The interfacial bonding performance between glass fiber and epoxy resin directly affects the stress transfer and durability of glass fiber reinforced polymer (GFRP) composites. By hybridizing nanomaterials and synergistically enhancing with siloxane-active oligomers, a modified epoxy resin matrix with superior interfacial bonding and corrosion resistance properties was developed. The evolution of the interfacial bonding performance between the modified resin and fiber was investigated using single-filament tensile tests and digital image correlation microscopy. The underlying mechanism of interfacial degradation in an alkaline environment was elucidated through molecular dynamics simulations from an atomic perspective.

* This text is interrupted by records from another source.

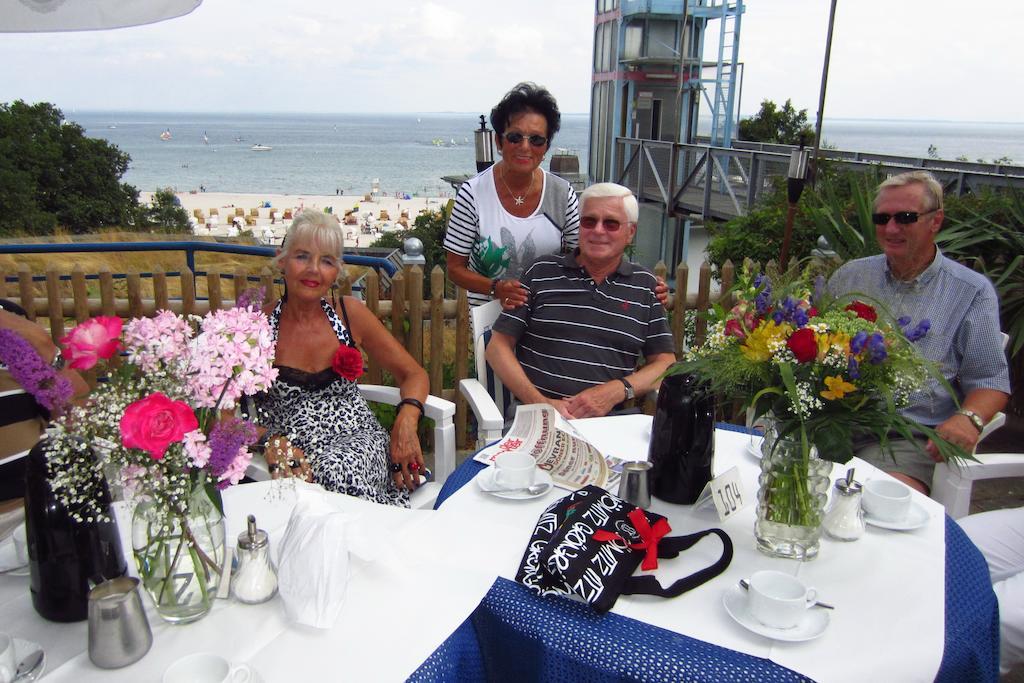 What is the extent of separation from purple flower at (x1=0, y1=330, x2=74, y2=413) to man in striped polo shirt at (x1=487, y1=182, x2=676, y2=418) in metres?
1.70

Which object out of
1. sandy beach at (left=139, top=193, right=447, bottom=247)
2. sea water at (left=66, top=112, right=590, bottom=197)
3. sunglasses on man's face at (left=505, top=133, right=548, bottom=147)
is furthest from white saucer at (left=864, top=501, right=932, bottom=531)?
sea water at (left=66, top=112, right=590, bottom=197)

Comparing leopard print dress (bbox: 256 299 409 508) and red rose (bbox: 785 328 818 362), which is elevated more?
red rose (bbox: 785 328 818 362)

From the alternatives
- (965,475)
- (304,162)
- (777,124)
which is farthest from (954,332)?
(304,162)

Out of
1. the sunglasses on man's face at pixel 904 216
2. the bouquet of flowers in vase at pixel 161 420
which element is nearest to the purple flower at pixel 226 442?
the bouquet of flowers in vase at pixel 161 420

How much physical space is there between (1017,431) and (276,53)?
57.3 meters

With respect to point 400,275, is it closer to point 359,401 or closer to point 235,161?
point 359,401

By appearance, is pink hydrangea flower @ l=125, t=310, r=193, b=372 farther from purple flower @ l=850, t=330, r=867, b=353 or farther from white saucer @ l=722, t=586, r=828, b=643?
purple flower @ l=850, t=330, r=867, b=353

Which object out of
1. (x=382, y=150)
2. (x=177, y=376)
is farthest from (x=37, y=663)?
(x=382, y=150)

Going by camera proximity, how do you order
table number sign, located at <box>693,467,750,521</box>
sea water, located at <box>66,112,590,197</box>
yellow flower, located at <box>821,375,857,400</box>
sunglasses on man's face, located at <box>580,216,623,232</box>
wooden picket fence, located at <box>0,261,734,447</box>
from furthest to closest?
1. sea water, located at <box>66,112,590,197</box>
2. wooden picket fence, located at <box>0,261,734,447</box>
3. sunglasses on man's face, located at <box>580,216,623,232</box>
4. table number sign, located at <box>693,467,750,521</box>
5. yellow flower, located at <box>821,375,857,400</box>

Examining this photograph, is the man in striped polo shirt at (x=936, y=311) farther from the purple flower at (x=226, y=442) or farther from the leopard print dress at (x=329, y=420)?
the purple flower at (x=226, y=442)

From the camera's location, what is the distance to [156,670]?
1004 millimetres

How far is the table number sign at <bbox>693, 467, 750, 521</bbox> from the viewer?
1.44 m

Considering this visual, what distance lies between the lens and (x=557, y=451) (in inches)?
67.8

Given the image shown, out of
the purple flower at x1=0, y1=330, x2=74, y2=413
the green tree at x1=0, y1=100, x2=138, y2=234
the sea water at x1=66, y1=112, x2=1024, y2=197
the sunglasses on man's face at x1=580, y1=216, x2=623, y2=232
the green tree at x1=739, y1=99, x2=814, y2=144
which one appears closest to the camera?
the purple flower at x1=0, y1=330, x2=74, y2=413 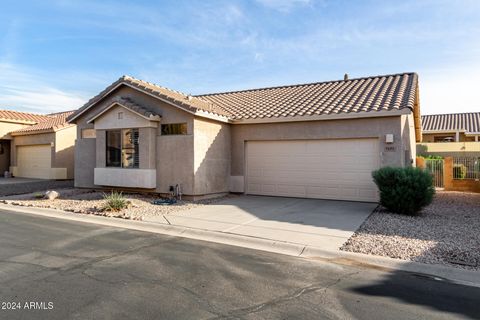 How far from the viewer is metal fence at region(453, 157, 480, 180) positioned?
649 inches

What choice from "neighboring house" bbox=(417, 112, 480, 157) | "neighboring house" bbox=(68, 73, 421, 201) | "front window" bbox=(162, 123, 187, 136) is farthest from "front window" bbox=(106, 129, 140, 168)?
"neighboring house" bbox=(417, 112, 480, 157)

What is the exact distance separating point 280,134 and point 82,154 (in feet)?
30.7

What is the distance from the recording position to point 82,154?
1623cm

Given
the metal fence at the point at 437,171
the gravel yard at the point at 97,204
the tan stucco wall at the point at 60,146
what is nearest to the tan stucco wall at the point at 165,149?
the gravel yard at the point at 97,204

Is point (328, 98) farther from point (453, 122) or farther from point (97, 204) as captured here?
point (453, 122)

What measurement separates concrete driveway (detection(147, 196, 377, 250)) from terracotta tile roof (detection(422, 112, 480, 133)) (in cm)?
2601

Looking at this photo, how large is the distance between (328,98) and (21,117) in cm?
2150

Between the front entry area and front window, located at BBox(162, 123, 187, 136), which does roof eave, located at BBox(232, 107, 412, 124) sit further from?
the front entry area

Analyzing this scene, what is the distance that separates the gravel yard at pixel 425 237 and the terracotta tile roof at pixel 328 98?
4023mm

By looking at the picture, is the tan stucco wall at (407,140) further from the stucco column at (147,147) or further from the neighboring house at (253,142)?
the stucco column at (147,147)

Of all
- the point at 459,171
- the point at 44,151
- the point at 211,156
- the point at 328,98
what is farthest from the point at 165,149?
the point at 459,171

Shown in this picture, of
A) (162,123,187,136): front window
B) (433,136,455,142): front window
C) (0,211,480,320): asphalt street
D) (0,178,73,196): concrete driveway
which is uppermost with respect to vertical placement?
(433,136,455,142): front window

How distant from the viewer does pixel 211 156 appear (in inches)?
545

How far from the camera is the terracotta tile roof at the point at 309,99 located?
1307 centimetres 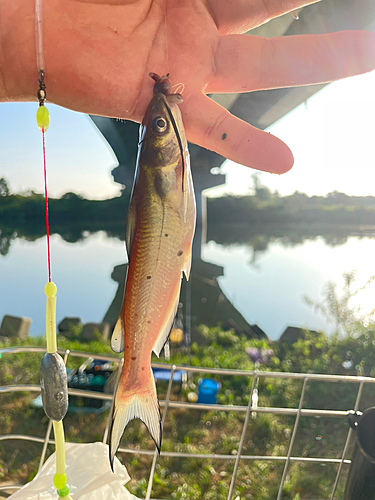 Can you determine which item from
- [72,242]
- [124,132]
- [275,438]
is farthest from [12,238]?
[275,438]

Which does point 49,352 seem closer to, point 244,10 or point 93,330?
point 244,10

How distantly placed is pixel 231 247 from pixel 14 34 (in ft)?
21.0

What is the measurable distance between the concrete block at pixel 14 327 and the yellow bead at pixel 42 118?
3.76 meters

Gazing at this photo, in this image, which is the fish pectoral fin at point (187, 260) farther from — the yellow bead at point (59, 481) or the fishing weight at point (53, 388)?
the yellow bead at point (59, 481)

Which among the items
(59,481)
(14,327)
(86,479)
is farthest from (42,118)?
(14,327)

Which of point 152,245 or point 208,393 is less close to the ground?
point 152,245

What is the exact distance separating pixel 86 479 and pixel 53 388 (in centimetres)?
45

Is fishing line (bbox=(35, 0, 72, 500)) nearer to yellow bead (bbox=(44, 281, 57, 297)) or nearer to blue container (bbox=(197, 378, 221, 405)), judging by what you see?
yellow bead (bbox=(44, 281, 57, 297))

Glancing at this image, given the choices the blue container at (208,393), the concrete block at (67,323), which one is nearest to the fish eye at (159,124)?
the blue container at (208,393)

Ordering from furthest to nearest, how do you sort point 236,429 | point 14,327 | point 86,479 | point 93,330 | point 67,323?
1. point 67,323
2. point 93,330
3. point 14,327
4. point 236,429
5. point 86,479

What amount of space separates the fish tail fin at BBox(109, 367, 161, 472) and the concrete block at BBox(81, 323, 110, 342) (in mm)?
3801

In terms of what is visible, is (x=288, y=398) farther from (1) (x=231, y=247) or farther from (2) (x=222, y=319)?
(1) (x=231, y=247)

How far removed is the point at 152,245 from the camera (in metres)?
0.58

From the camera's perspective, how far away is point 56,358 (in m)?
0.63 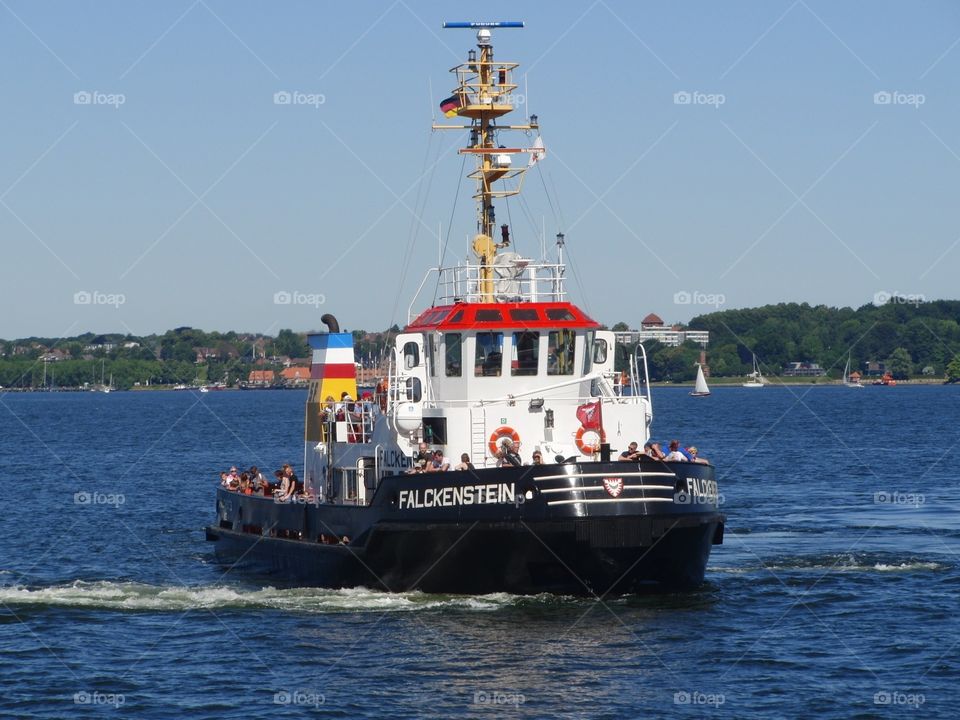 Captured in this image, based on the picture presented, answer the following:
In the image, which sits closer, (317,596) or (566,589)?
(566,589)

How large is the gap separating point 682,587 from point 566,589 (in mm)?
2735

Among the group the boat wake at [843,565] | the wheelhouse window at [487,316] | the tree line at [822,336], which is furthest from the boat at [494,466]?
the tree line at [822,336]

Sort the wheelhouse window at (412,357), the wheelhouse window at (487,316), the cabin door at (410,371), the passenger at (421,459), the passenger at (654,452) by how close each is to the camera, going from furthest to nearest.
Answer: the wheelhouse window at (412,357) → the cabin door at (410,371) → the wheelhouse window at (487,316) → the passenger at (421,459) → the passenger at (654,452)

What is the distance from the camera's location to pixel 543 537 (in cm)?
2827

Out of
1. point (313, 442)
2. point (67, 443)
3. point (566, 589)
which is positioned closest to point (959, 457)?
point (313, 442)

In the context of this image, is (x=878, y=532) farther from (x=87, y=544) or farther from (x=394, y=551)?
(x=87, y=544)

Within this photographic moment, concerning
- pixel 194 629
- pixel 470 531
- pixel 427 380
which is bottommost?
pixel 194 629

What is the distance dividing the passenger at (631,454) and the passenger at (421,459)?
12.5 feet

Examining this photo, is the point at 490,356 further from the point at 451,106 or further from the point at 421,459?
the point at 451,106

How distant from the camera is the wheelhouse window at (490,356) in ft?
105

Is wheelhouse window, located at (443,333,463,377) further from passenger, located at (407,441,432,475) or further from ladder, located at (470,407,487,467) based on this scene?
passenger, located at (407,441,432,475)

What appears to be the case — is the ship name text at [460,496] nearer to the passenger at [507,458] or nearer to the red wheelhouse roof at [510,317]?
the passenger at [507,458]

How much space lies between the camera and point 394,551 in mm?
30078

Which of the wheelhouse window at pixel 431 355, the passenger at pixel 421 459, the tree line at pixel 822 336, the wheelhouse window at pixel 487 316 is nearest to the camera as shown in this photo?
the passenger at pixel 421 459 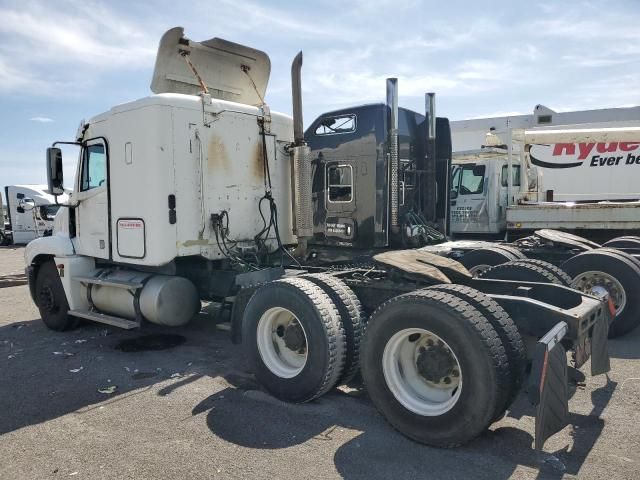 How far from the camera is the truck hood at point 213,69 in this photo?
6.60 metres

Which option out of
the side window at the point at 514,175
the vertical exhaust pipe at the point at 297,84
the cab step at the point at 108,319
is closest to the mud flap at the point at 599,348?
the vertical exhaust pipe at the point at 297,84

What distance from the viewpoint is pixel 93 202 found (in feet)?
22.6

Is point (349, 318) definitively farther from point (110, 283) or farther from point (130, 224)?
point (110, 283)

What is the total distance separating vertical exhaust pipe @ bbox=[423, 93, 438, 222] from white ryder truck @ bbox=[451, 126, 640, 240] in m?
3.63

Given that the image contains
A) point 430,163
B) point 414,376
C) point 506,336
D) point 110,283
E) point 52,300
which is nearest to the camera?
point 506,336

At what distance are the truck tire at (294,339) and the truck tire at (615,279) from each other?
3.64m

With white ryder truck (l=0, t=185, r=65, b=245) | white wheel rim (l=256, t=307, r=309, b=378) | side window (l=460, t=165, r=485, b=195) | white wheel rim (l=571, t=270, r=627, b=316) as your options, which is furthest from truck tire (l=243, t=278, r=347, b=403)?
white ryder truck (l=0, t=185, r=65, b=245)

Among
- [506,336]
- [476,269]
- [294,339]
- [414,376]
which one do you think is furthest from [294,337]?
[476,269]

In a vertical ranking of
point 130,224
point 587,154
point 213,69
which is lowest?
point 130,224

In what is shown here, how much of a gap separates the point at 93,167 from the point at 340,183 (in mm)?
3256

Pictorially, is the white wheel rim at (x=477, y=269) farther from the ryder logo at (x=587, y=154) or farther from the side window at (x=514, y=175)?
the ryder logo at (x=587, y=154)

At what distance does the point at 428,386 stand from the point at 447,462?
59 cm

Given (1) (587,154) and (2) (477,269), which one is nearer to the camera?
(2) (477,269)

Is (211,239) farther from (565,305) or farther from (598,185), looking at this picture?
(598,185) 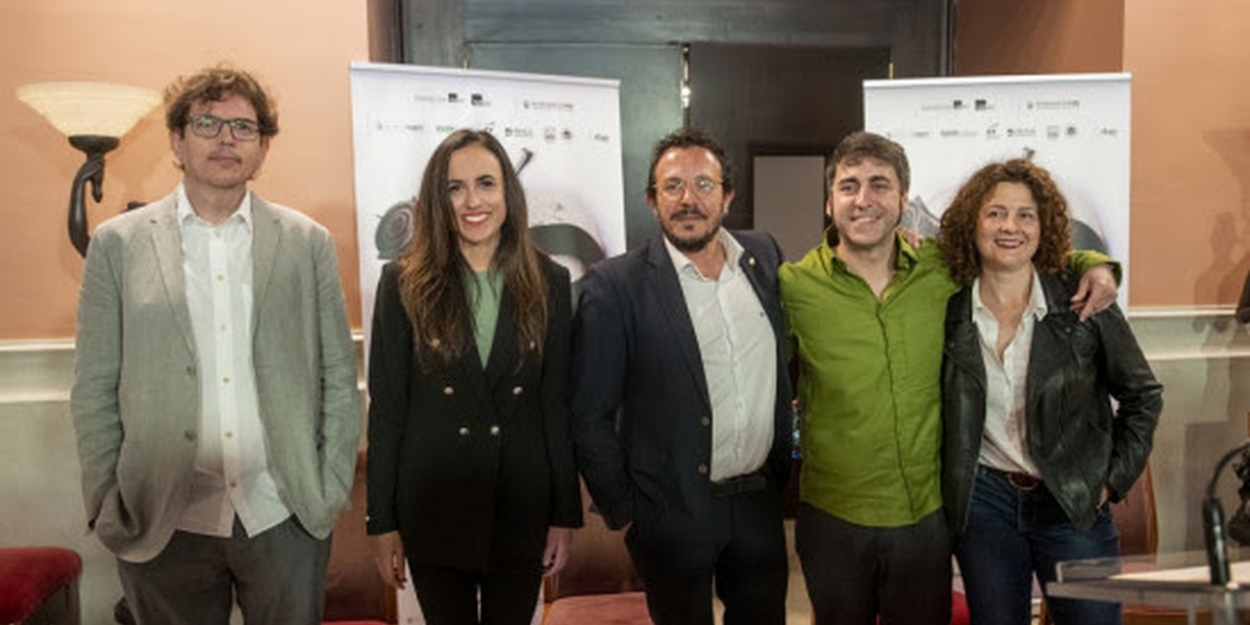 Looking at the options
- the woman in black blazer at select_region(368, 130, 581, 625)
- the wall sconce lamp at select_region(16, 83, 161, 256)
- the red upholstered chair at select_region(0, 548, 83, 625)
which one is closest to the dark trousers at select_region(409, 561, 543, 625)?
the woman in black blazer at select_region(368, 130, 581, 625)

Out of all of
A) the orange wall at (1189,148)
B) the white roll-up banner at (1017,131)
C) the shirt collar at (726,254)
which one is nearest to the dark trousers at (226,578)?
the shirt collar at (726,254)

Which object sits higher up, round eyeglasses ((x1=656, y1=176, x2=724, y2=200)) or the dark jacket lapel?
round eyeglasses ((x1=656, y1=176, x2=724, y2=200))

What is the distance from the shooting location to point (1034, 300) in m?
2.20

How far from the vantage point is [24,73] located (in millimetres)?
3328

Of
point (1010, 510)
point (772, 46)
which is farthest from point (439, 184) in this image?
point (772, 46)

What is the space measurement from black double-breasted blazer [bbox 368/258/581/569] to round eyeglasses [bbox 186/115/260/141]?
1.36ft

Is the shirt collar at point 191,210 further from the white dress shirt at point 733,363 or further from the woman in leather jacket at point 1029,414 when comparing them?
the woman in leather jacket at point 1029,414

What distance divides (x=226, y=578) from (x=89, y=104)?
5.20ft

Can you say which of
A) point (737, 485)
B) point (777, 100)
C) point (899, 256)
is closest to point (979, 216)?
point (899, 256)

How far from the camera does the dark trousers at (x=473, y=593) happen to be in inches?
85.0

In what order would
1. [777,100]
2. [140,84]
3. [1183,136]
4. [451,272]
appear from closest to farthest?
[451,272]
[140,84]
[1183,136]
[777,100]

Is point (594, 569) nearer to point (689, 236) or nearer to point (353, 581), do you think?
Result: point (353, 581)

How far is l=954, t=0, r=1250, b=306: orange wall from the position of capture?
384cm

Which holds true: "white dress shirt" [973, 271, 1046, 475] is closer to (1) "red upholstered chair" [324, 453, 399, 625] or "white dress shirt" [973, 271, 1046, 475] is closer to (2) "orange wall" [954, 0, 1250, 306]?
(1) "red upholstered chair" [324, 453, 399, 625] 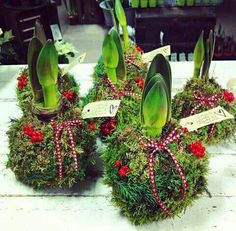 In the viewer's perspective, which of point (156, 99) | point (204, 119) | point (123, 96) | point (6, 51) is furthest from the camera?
point (6, 51)

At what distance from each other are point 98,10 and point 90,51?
0.40 m

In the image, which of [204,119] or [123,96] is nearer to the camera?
[204,119]

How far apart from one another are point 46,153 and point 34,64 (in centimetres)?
18

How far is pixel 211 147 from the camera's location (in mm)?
853

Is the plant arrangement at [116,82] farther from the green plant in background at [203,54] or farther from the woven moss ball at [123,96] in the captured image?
the green plant in background at [203,54]

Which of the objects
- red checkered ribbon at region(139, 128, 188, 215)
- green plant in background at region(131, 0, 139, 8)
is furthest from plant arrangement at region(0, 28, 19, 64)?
red checkered ribbon at region(139, 128, 188, 215)

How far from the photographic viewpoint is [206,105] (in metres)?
0.79

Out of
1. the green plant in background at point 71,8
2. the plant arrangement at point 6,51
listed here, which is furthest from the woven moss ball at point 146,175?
the green plant in background at point 71,8

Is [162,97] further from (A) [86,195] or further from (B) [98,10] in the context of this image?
(B) [98,10]

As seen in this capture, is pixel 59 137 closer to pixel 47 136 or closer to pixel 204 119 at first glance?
pixel 47 136

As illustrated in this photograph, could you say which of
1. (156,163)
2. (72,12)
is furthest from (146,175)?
(72,12)

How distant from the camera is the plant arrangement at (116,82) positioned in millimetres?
767

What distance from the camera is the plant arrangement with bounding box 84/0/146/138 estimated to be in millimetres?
767

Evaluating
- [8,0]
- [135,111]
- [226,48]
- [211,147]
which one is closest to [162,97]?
[135,111] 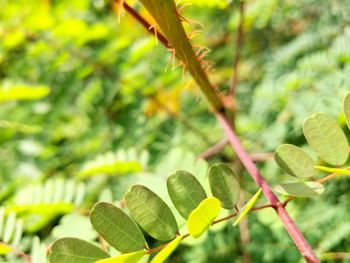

The results indicate that, compared to the unmodified system, the modified resin/fiber interface exhibits an approximately 33.3% increase in interfacial bonding strength and an approximately 53.84% increase in maximum interfacial strain. After 30 days of corrosion, the interfacial bonding strength of the modified system shows an approximately 130.7% improvement relative to the corroded unmodified system. Molecular dynamics simulations reveal that the modified resin matrix strengthens the O_epoxy-H_s bonding interaction, delays interfacial bond failure, mitigates the reduction in both epoxy resin concentration and hydrogen bond density at the interface under corrosive conditions, and improves interfacial adhesion properties.